■ Short descriptive text snippets
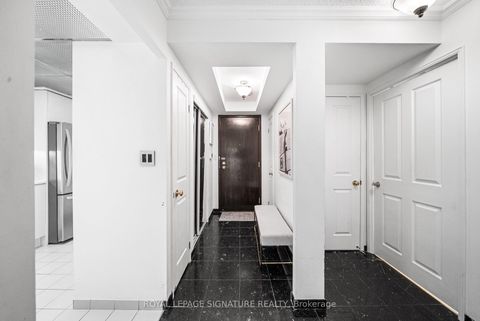 Photo 1 at 206 - 18 Hollywood Avenue, Willowdale East, Toronto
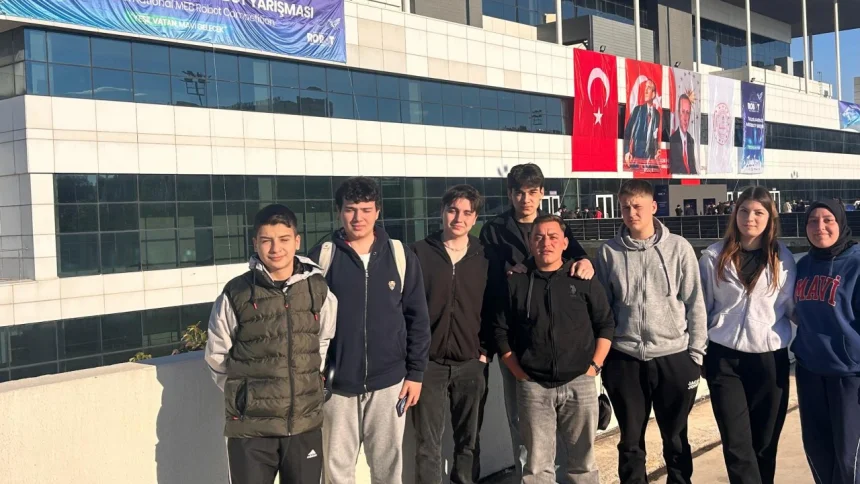 Aliağa'dan uluslararası robot yarışmasında ilk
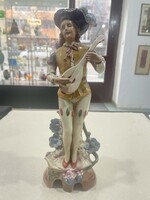 Muzsikus mandolinnal német porcelán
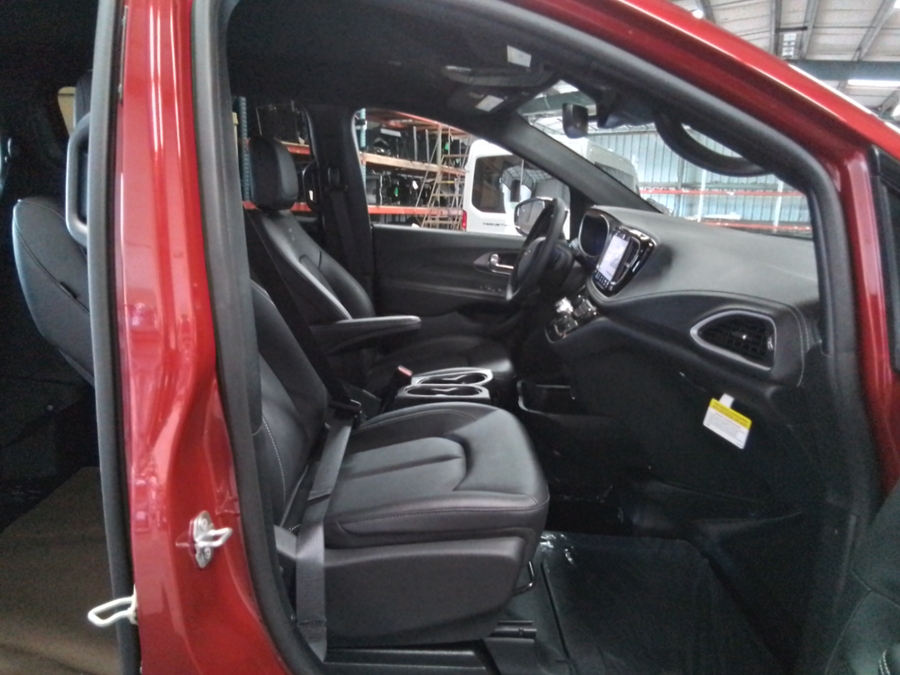 Red Chrysler Pacifica image number 37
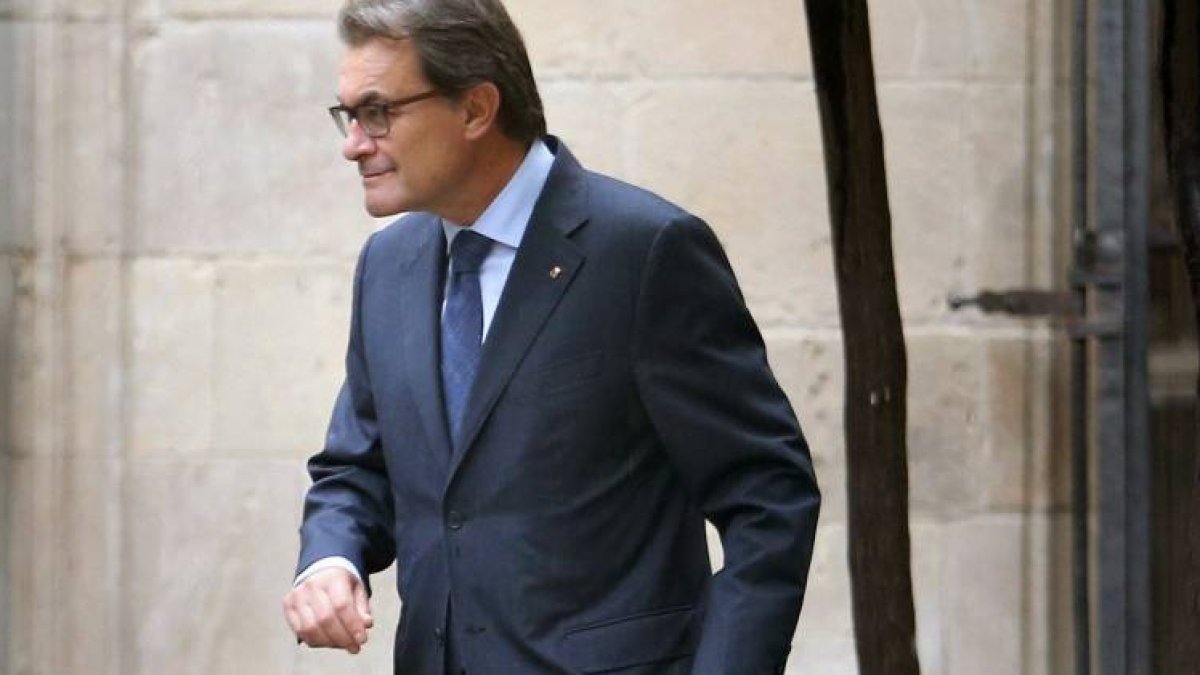 El president de la Generalitat, Artur Mas, llega a la reunión semanal del Gobierno catalán, ayer.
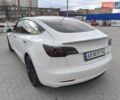 Белый Тесла Модель 3, объемом двигателя 0 л и пробегом 46 тыс. км за 24300 $, фото 10 на Automoto.ua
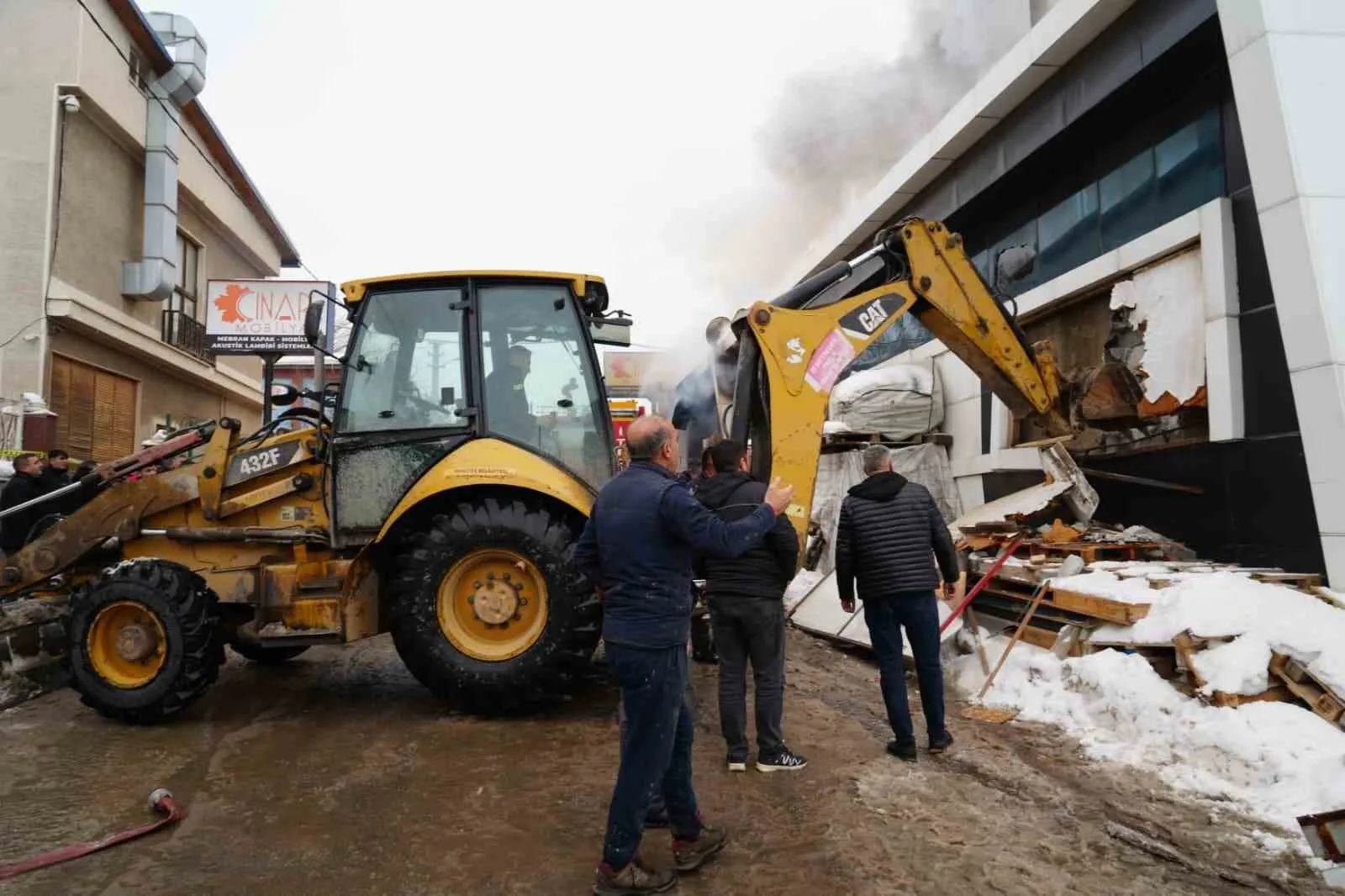 Erzurum Yakutiye'deki bir mobilya fabrikasında meydana gelen patlama sonrası çıkan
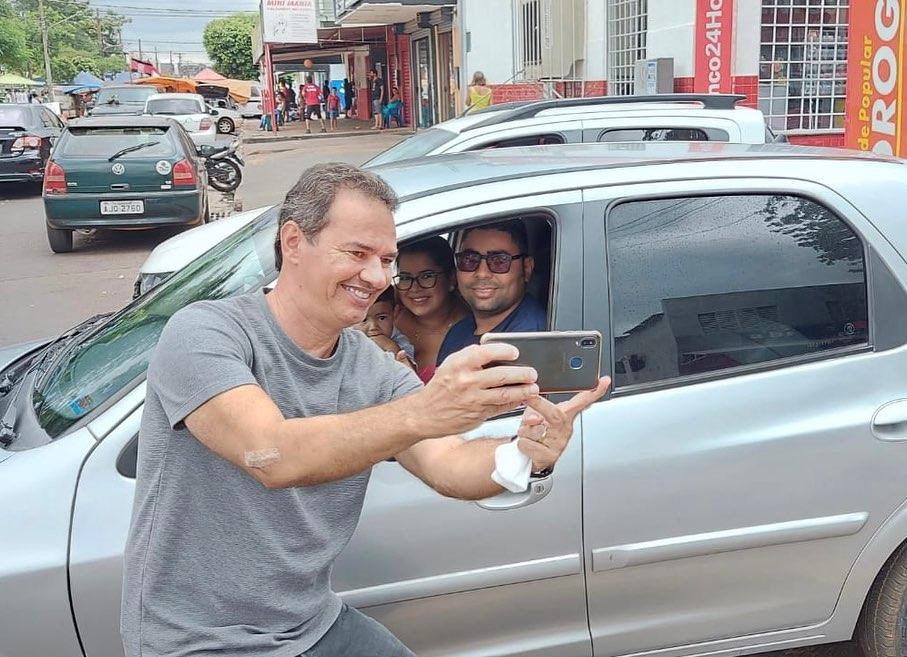 O atual Prefeito Marcos Trad  de Campo Grande,  passou o dia de Domingo com amigos e passeando nos bairros da Capital Morena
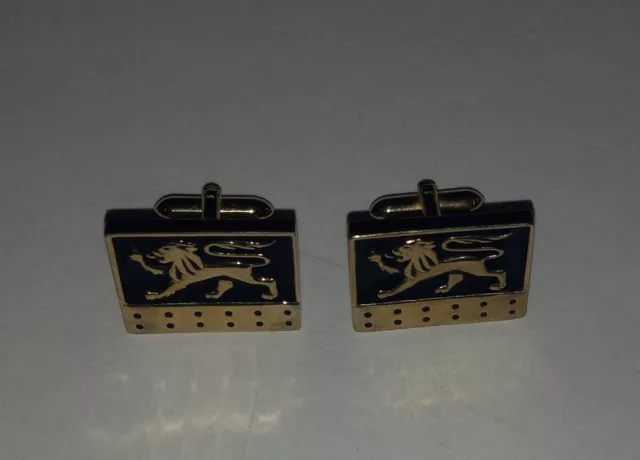 Vintage Black And Gold Tone Unbranded Medieval Motif Cuff Links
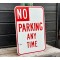 No Parking Any Time Verkehrsschild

■ Instructions for the task
Give back each entry exactly as it appears. Leave pictures out.

■ Final answer
 Photo 1 at 206 - 18 Hollywood Avenue, Willowdale East, Toronto
 Aliağa'dan uluslararası robot yarışmasında ilk
 Muzsikus mandolinnal német porcelán
 Red Chrysler Pacifica image number 37
 El president de la Generalitat, Artur Mas, llega a la reunión semanal del Gobierno catalán, ayer.
 Белый Тесла Модель 3, объемом двигателя 0 л и пробегом 46 тыс. км за 24300 $, фото 10 на Automoto.ua
 Erzurum Yakutiye'deki bir mobilya fabrikasında meydana gelen patlama sonrası çıkan
 O atual Prefeito Marcos Trad  de Campo Grande,  passou o dia de Domingo com amigos e passeando nos bairros da Capital Morena
 Vintage Black And Gold Tone Unbranded Medieval Motif Cuff Links
 No Parking Any Time Verkehrsschild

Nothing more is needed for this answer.